Please go line by line and repeat the data below exactly, with no images.

#### [Information shown]
=== Begin Enclosure ===

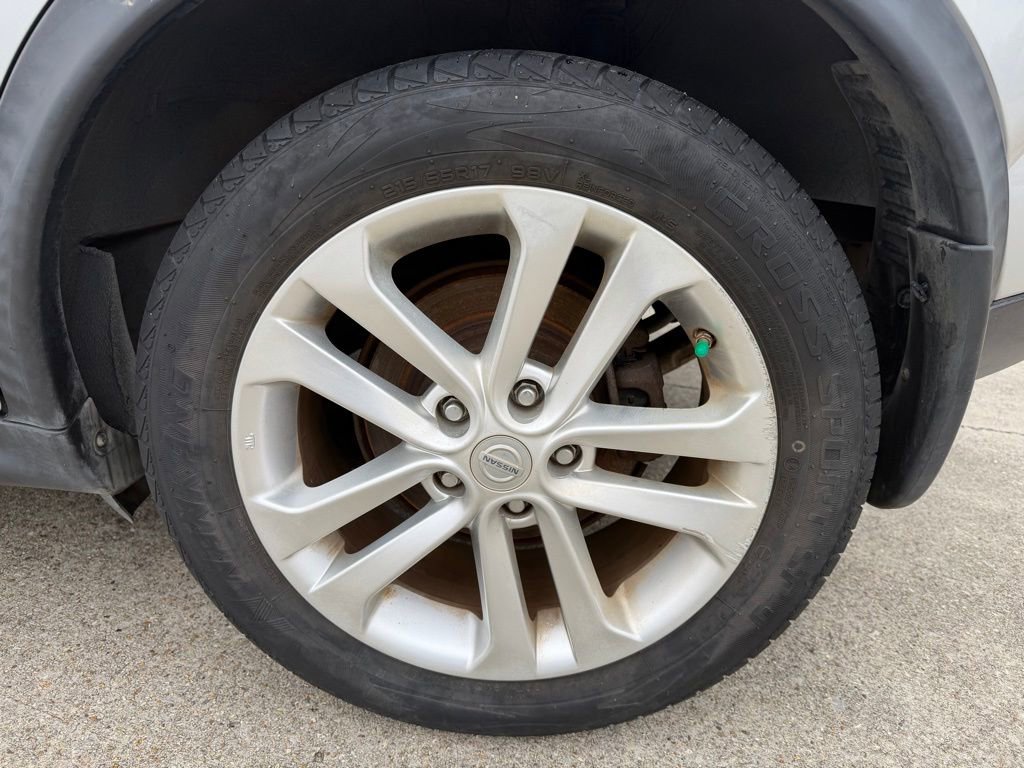 Used 2014 Nissan Juke SL image 10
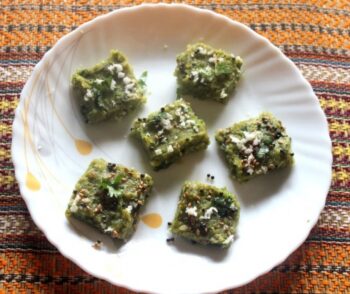 Spinach (Palak) Dhokla - Plattershare - Recipes, food stories and food lovers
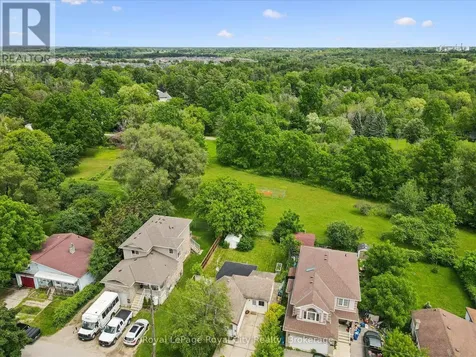 10 Macville Avenue Kitchener ON N2K 1T1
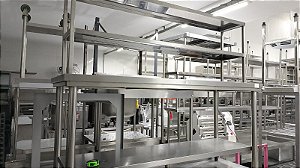 Mesa inox com duas prateleiras 180x60x150 semi nova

=== End Enclosure ===

#### [Response]
 Used 2014 Nissan Juke SL image 10
 Spinach (Palak) Dhokla - Plattershare - Recipes, food stories and food lovers
 10 Macville Avenue Kitchener ON N2K 1T1
 Mesa inox com duas prateleiras 180x60x150 semi nova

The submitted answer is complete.